- Work item
Only an exact copy is wanted: the lines from the one holding "sweatshirt - Hilco Happy Farm tractor ecru" through the last line below, minus the pictures.

- Given information
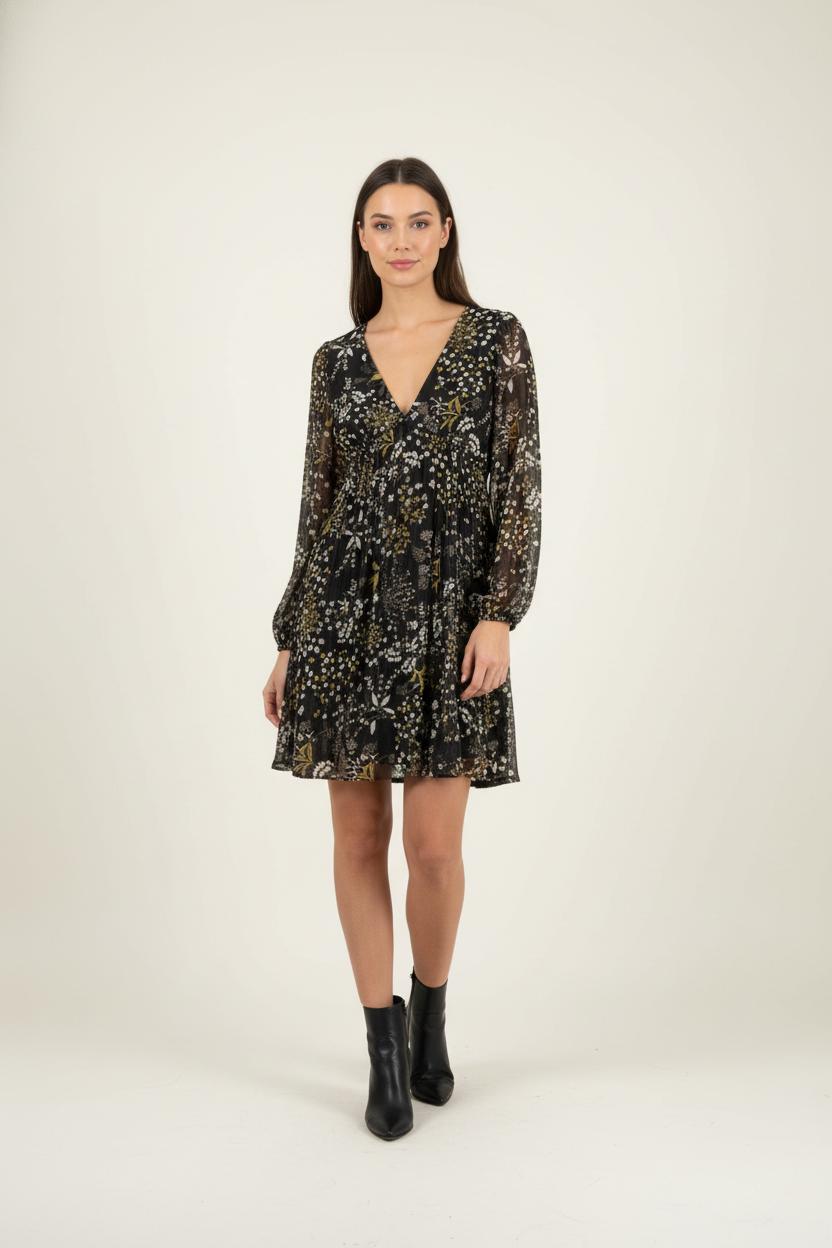 Robe Fleurie Noire et Blanche - Taille XS/34 de la marque IKKS | PARAD87313 - Vendu par Paradigme - Image 1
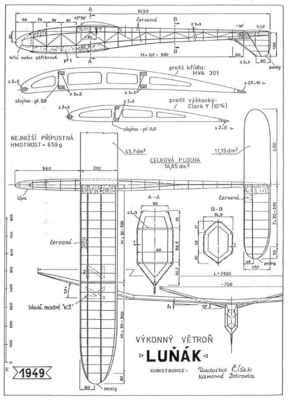 Luňák - volný model výkonného větroně - 1949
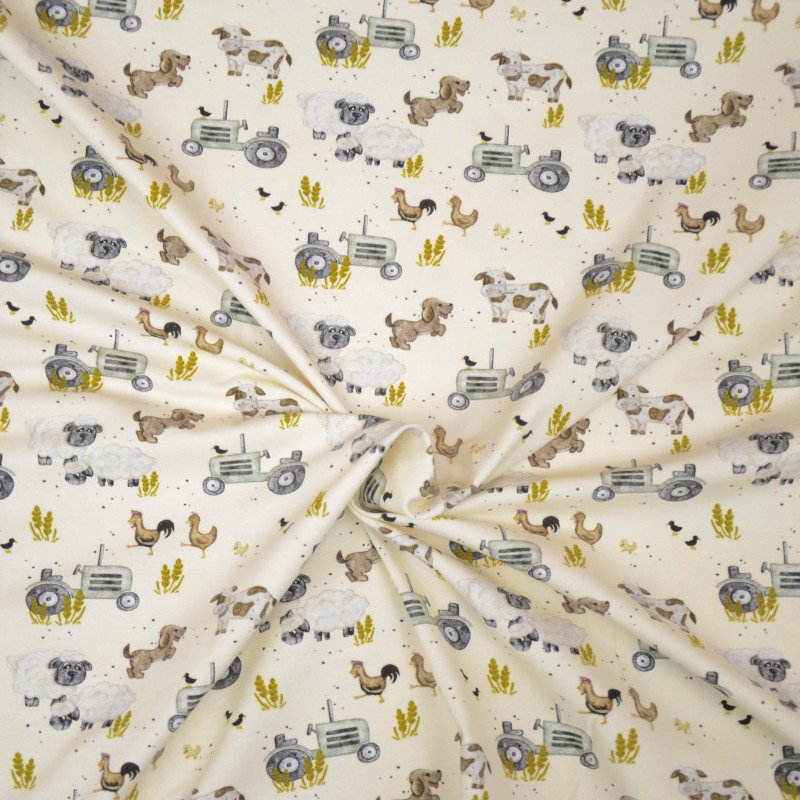 sweatshirt - Hilco Happy Farm tractor ecru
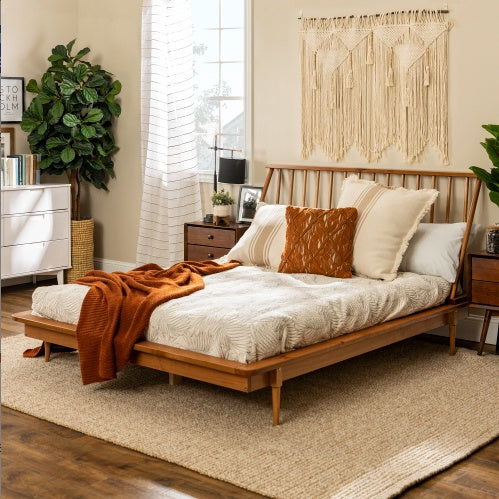 Mid-Century Modern Solid Wood Queen Platform Bed Frame With Spindle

- Output
 sweatshirt - Hilco Happy Farm tractor ecru
 Mid-Century Modern Solid Wood Queen Platform Bed Frame With Spindle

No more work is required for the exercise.